First of all hello. Just joined.  

I'm picking up an R33_GTS-t this weekend and I'm trying to gauge what a good quote is, having just stepped up from a 2.0 Mondeo  . 

I'm 26 with 6 years NCB but unfortunately my license has 2 SP60s (6 points) and a 28-day ban for a TS10 (3 years old now). I know, not too clever. Anyway, I've been quoted £1600 fully comprehensive. The vehicle is valued at £6k and is completely unmodified  - believe it or not. The 'kept at' address is a pretty quiet rural town (low theft). 

The above quote is from Admiral. I've tried Adrian Flux and it was slightly worse.

Is this any good or are there better quotes out there?


----------



## Mookistar (Feb 5, 2004)

not being malicious, didn't you get a quote before you bought it?

also, try direct line, they were the cheapest for me

also A-plan on here get some low quote

good luck

mook


----------



## R33_GTS-t (Apr 27, 2005)

To answer your first question. I'm happy with £1600 and have proceeded with the purchase on that basis but I don't receive the vehicle registration until Friday. So if I receive a better quote in the mean time, I can go with that.

I'll give A-plan and direct line a ring.
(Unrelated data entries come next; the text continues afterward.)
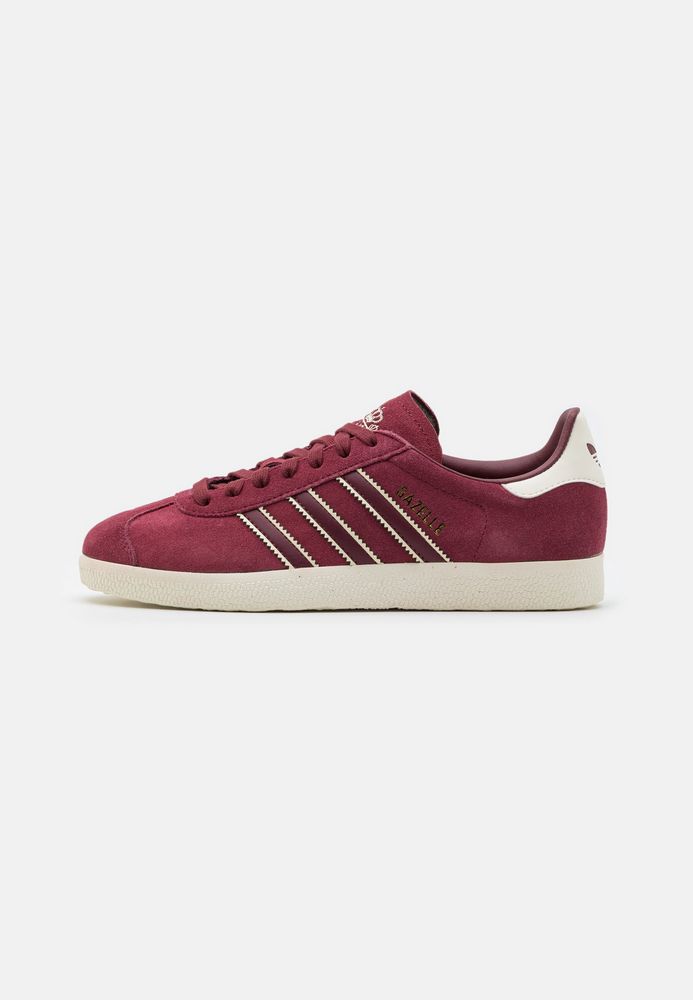 Кеды унисекс Adidas Originals AD115O1OL коричневые 45 13 EU 21635₽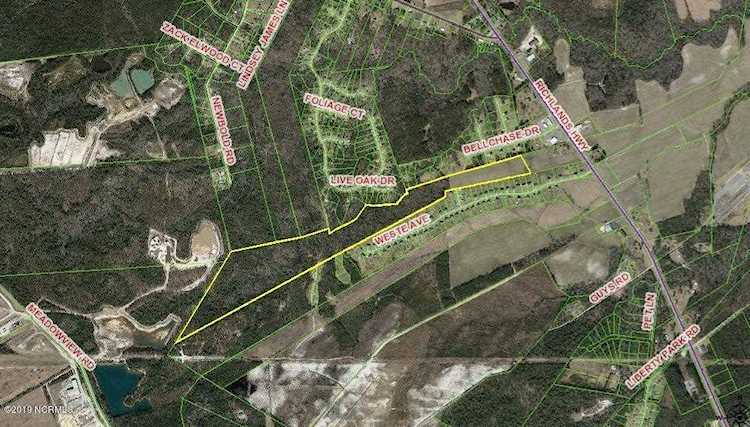 Tbd Richlands Highway Jacksonville, NC 28540 | MLS 100180158 Photo 1
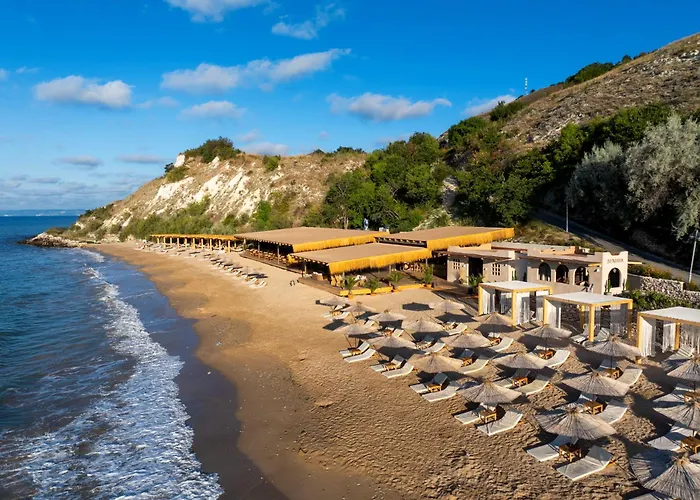 Thracian Cliffs Golf & Beach Resort Kavarna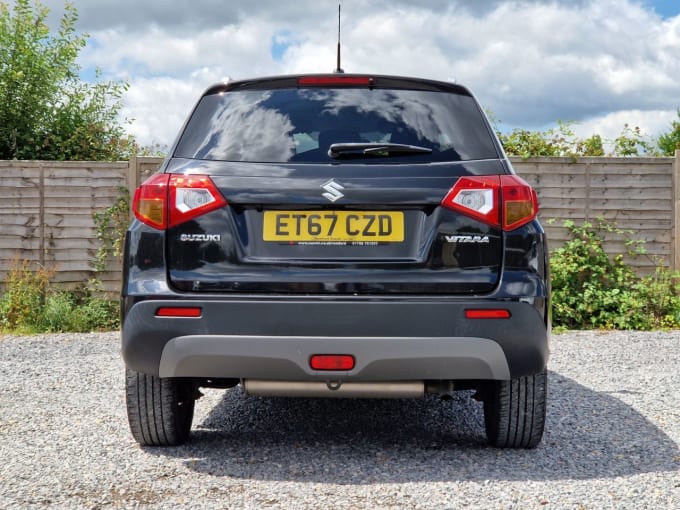 2025 Suzuki Vitara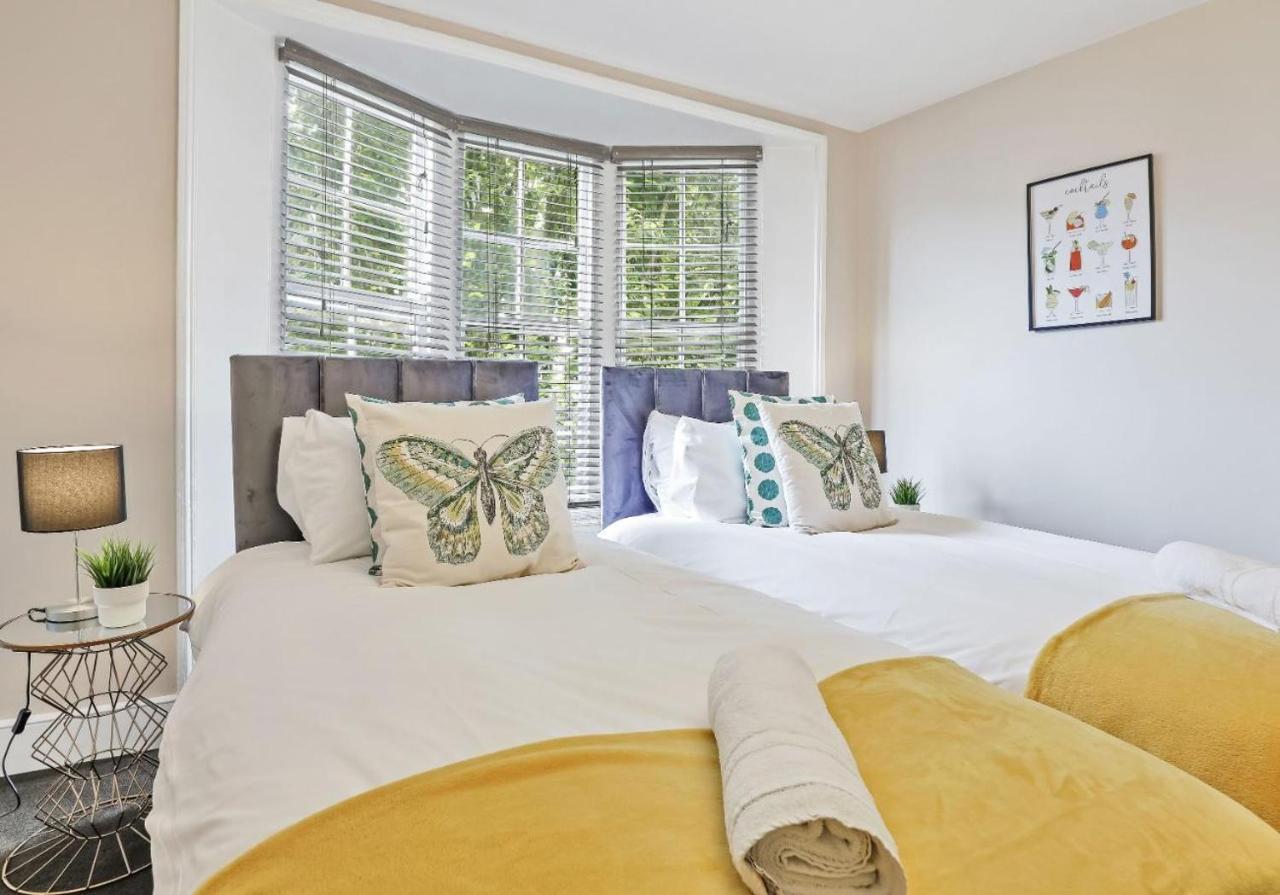 Central Lanes Pad By My Getaways Free Parking For One Car Hove Extérieur photo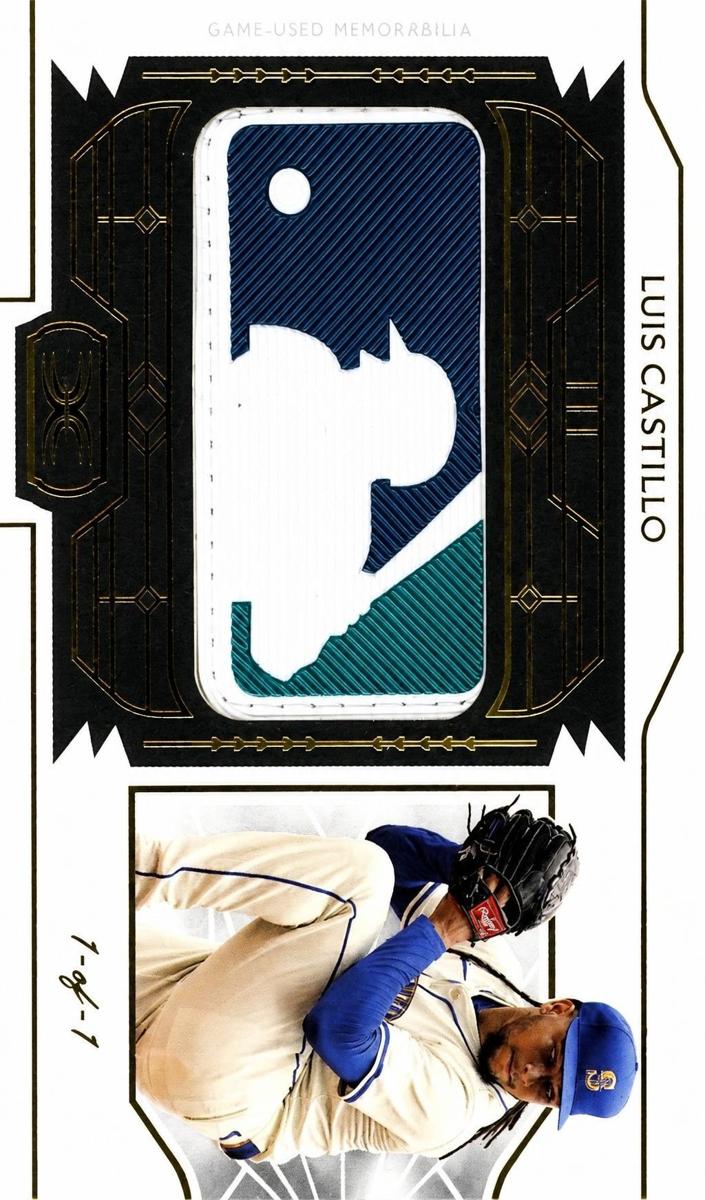 2024 Luis Castillo #DLP-LC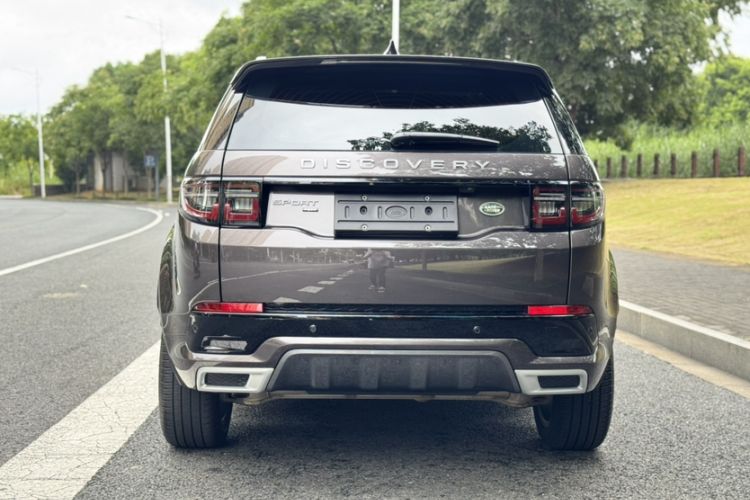 Used Land Rover Discovery Sport 2022 Restyled 249 PS R-Dynamic SE Performance Tech Edition 5 Seats Exterior 6
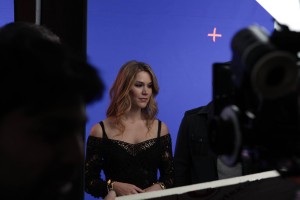 joss stone behind the scene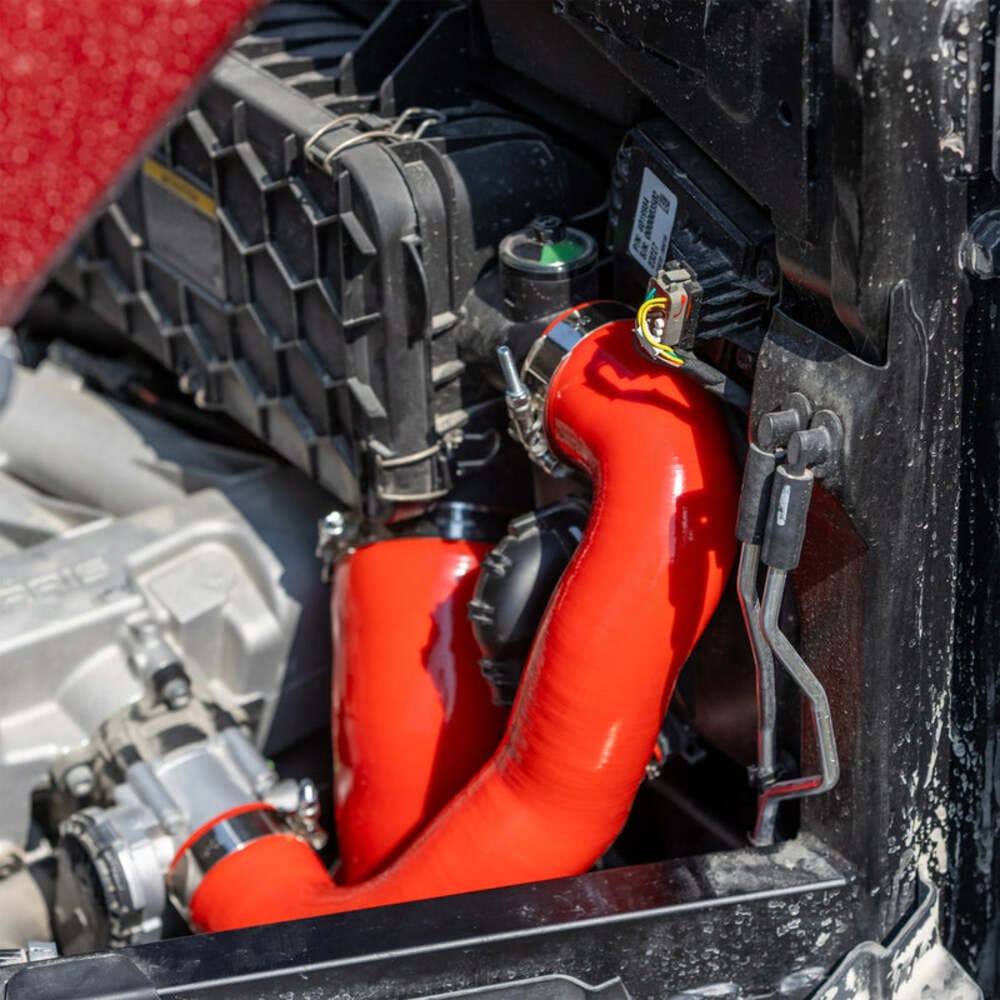 RPM Polaris Ranger 1500 XD Silicone Intake Tube Kit
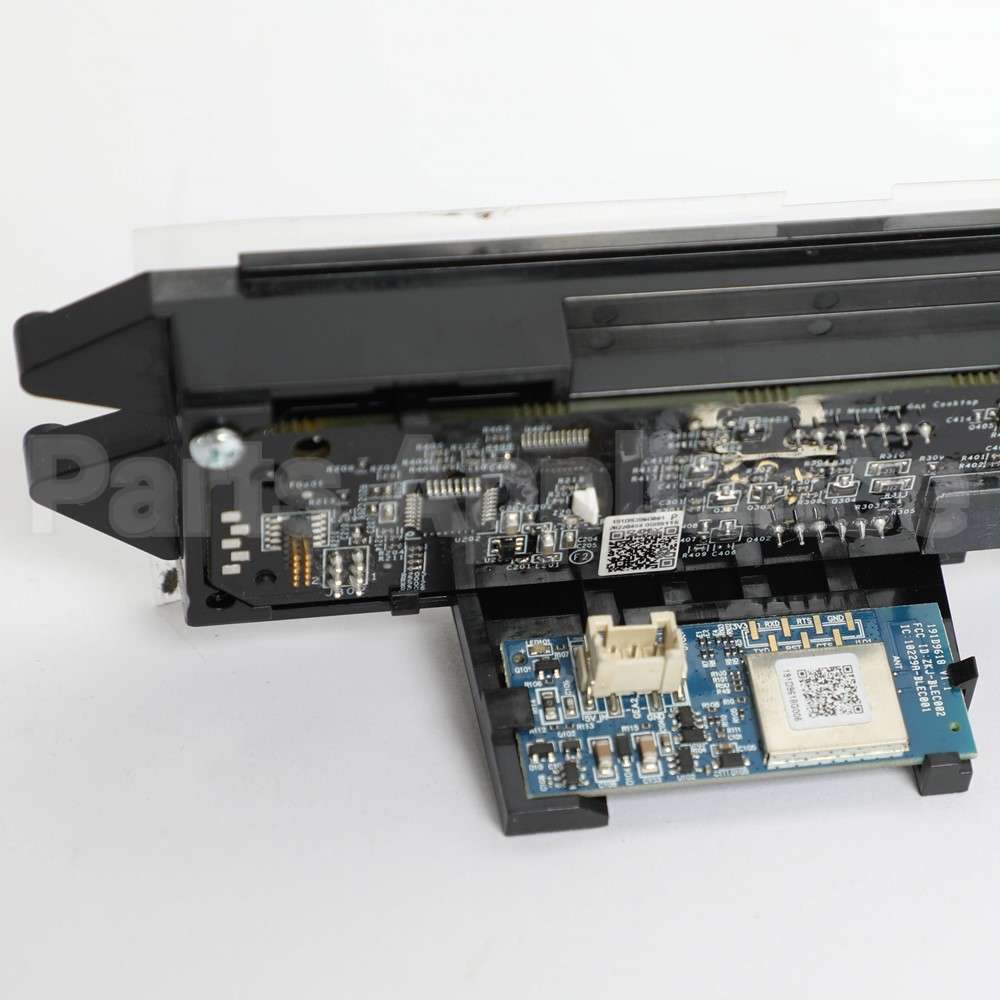 WB27X46668 GE User Interface With Wifi/Ble Board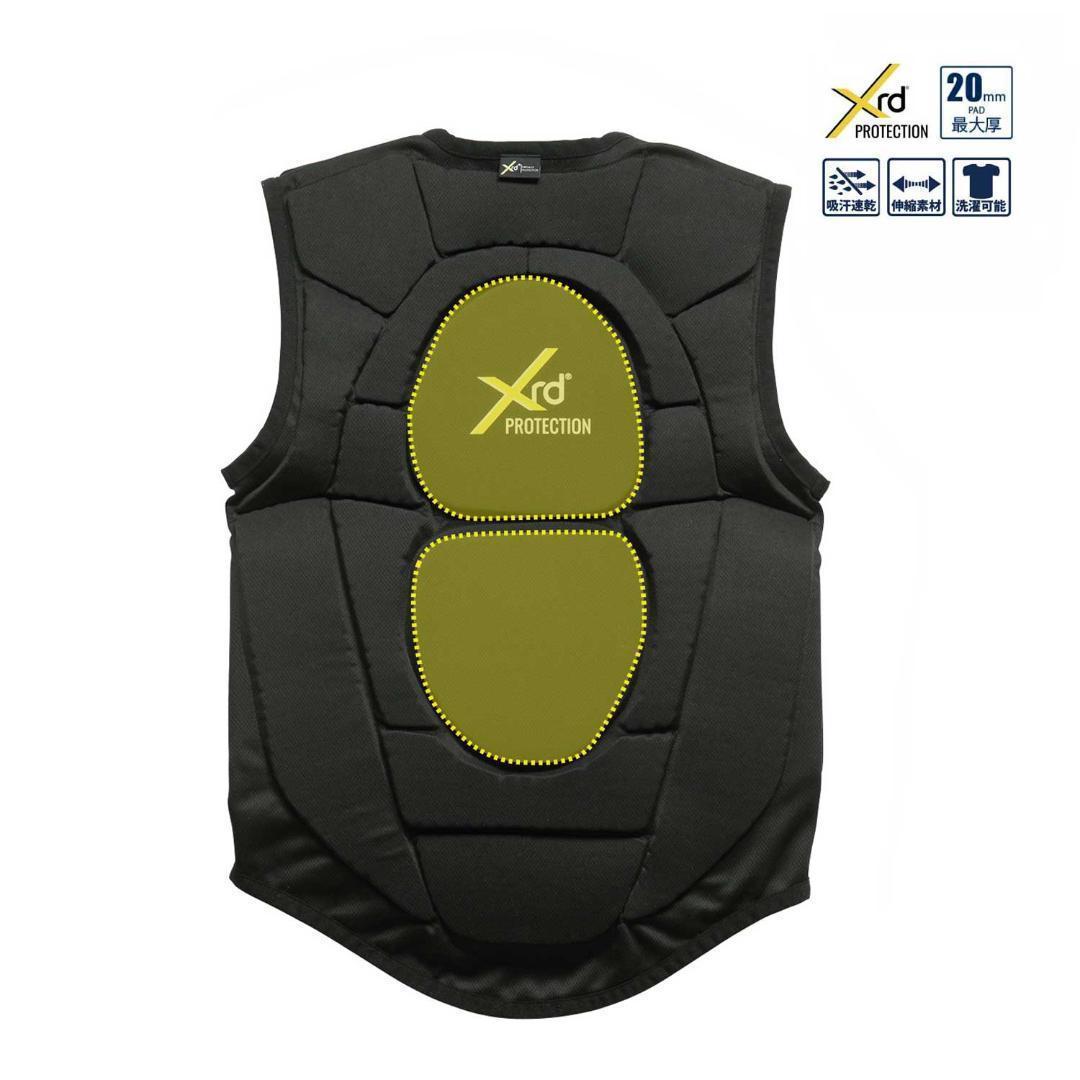 【新品】eb's CHOKI PAD XRD size M プロテクター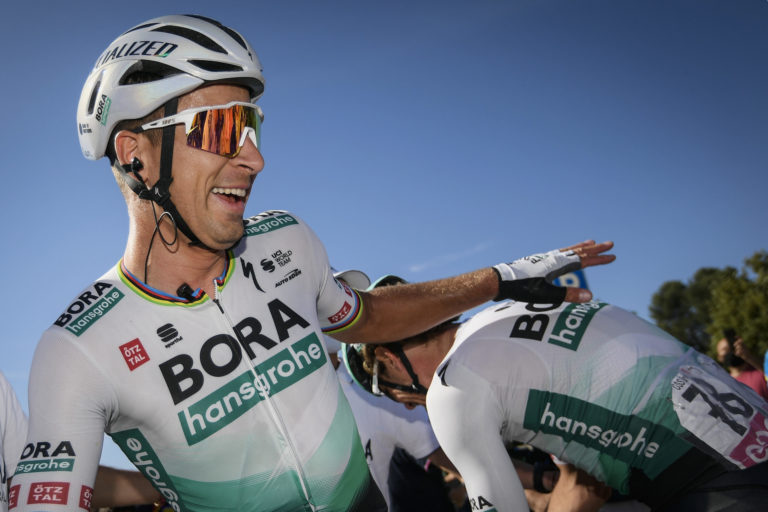 Italy Giro Cycling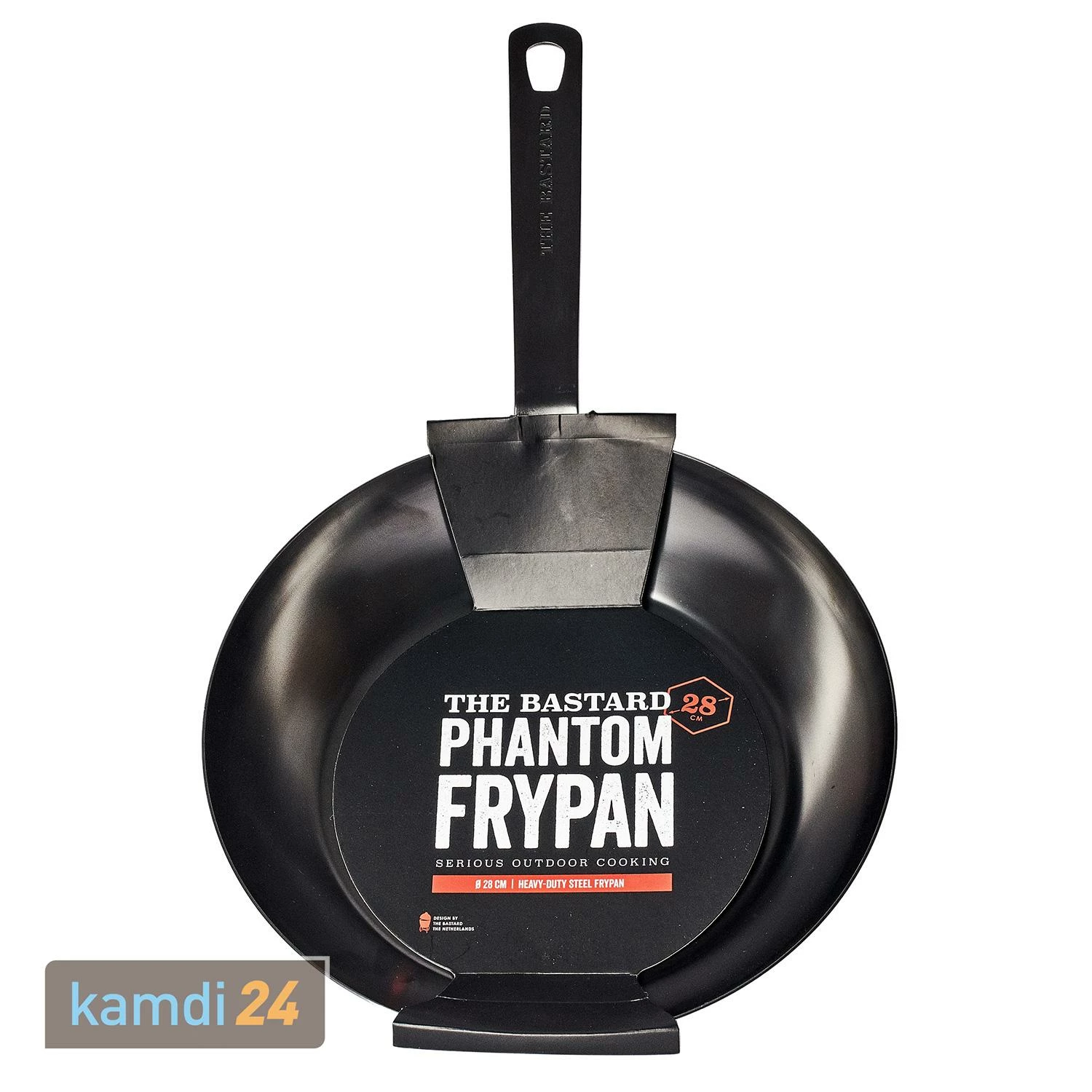 The Bastard Stahlpfanne Large Ø 28 Cm 3 The Bastard Stahlpfanne Large Ø 28 Cm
Many thanks.


----------



## Booty-licious (Nov 8, 2001)

Welcome to the forum

Don't forget Tett Hamilton


----------



## skyline69_uk (Jan 6, 2005)

*Sabre*

The 3 convictions are limiting your options as most mainsteam insurers will not touch 3 convictions and especially not a ban (3 years old or not). Try Sabre as in the past they have been good for convictions. I think this http://www.masterquote.co.uk/car-insurance-UK.html? use Sabre as a panel insurer or directly at http://www.insurance-at.com/Sabre.htm


----------



## skymania (May 28, 2004)

www.confused.com


----------